Pictures with short captions:
+---+

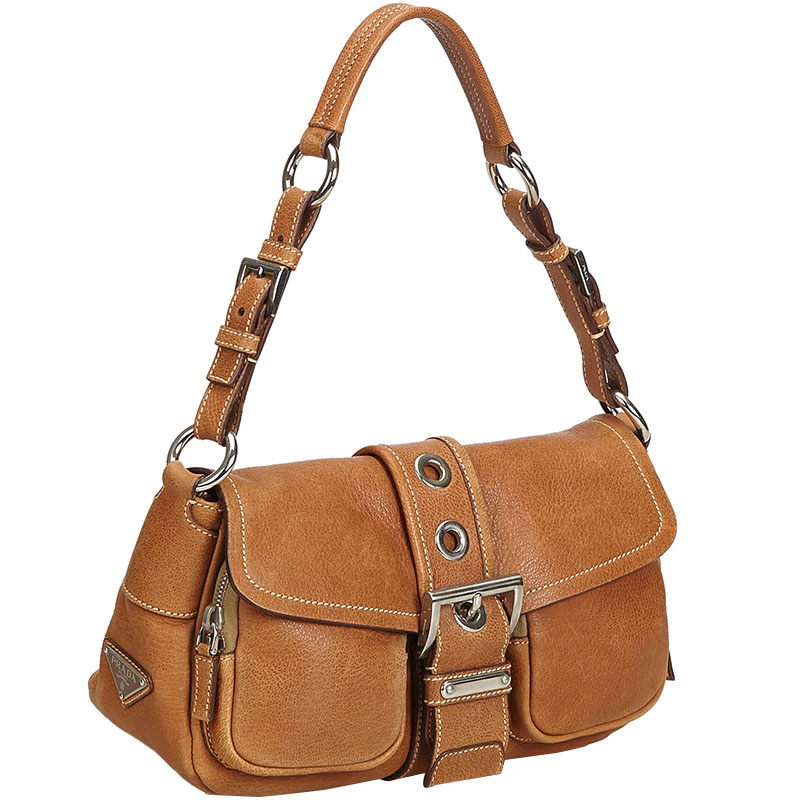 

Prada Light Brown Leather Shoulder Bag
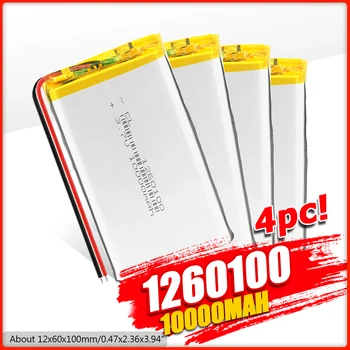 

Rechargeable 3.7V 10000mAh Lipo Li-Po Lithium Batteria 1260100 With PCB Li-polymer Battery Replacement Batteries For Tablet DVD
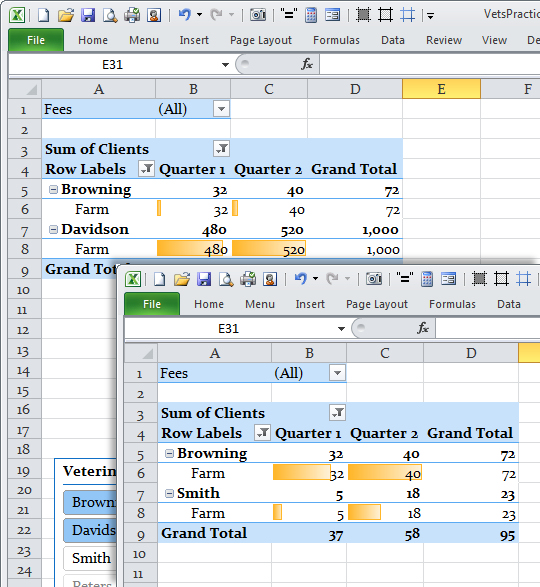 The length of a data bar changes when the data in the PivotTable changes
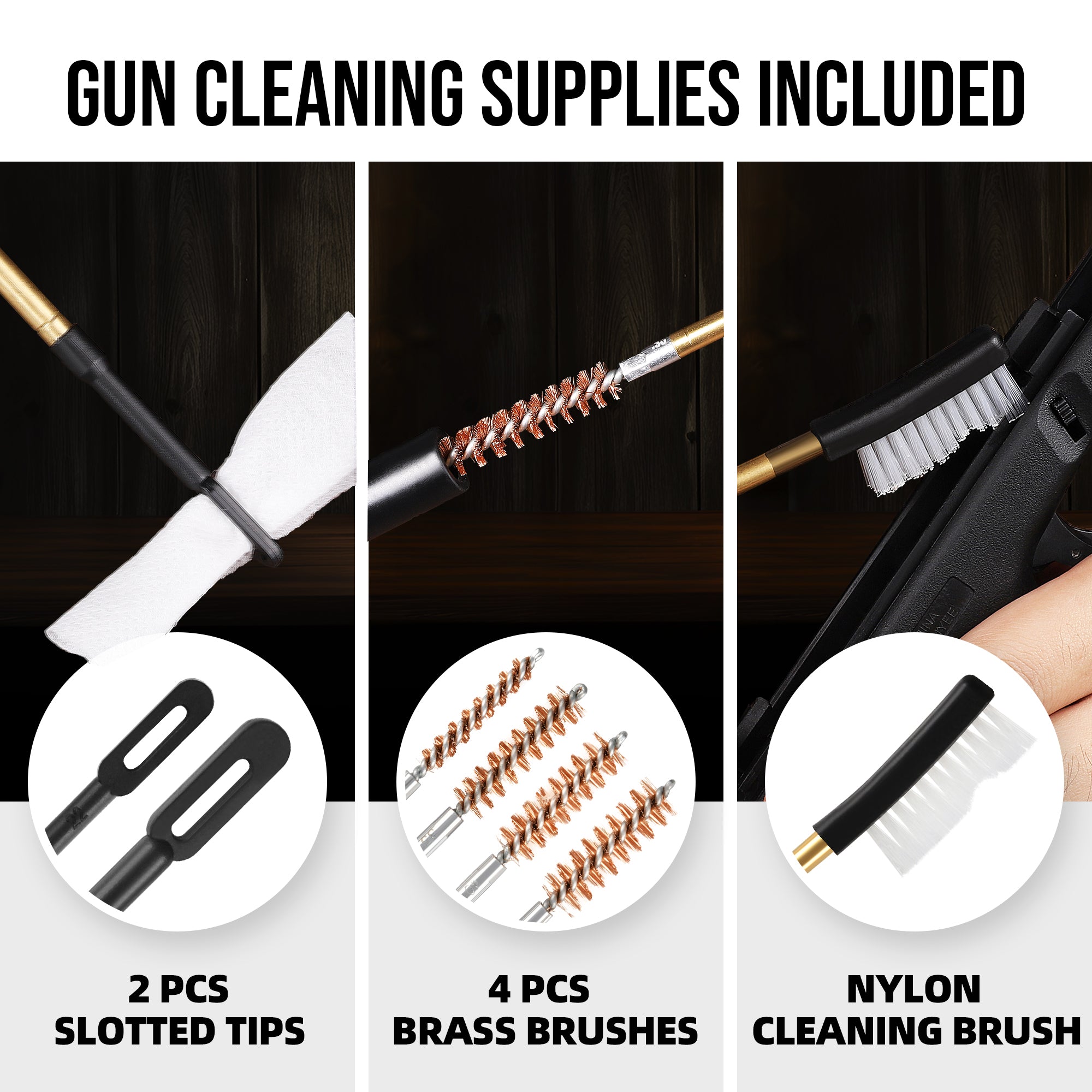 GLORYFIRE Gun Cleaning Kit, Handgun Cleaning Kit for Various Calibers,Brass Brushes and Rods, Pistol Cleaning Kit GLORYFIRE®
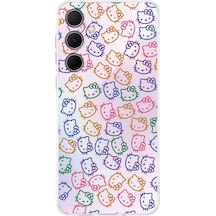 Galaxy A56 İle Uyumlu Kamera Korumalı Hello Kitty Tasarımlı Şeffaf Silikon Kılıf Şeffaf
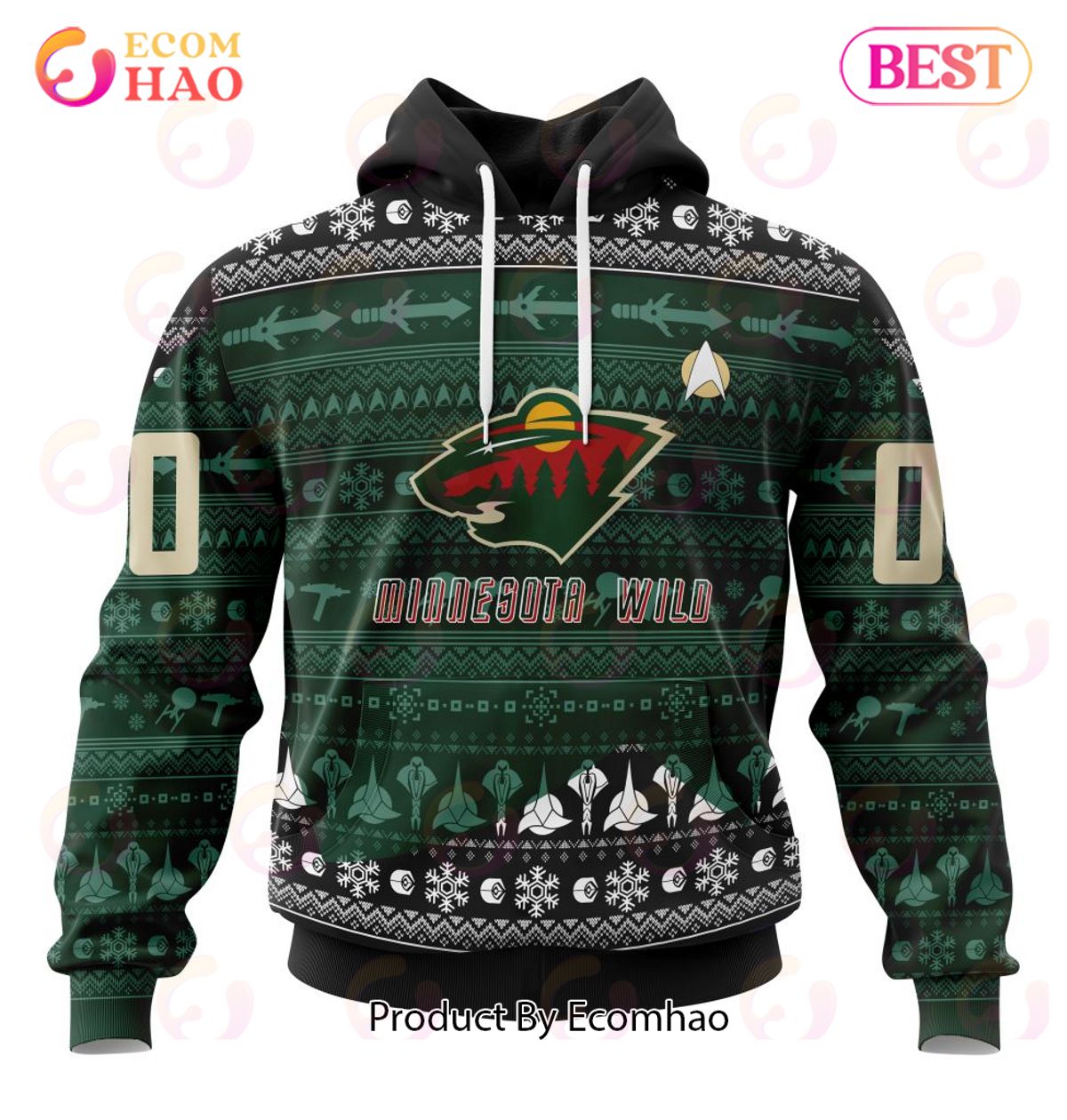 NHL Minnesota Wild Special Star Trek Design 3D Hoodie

+---+

### Your objective
Return the lines exactly, from the one containing "GLORYFIRE Gun Cleaning" through the last line above, including both ends and excluding every picture.

### Exercise response
 GLORYFIRE Gun Cleaning Kit, Handgun Cleaning Kit for Various Calibers,Brass Brushes and Rods, Pistol Cleaning Kit GLORYFIRE®
 Galaxy A56 İle Uyumlu Kamera Korumalı Hello Kitty Tasarımlı Şeffaf Silikon Kılıf Şeffaf
 NHL Minnesota Wild Special Star Trek Design 3D Hoodie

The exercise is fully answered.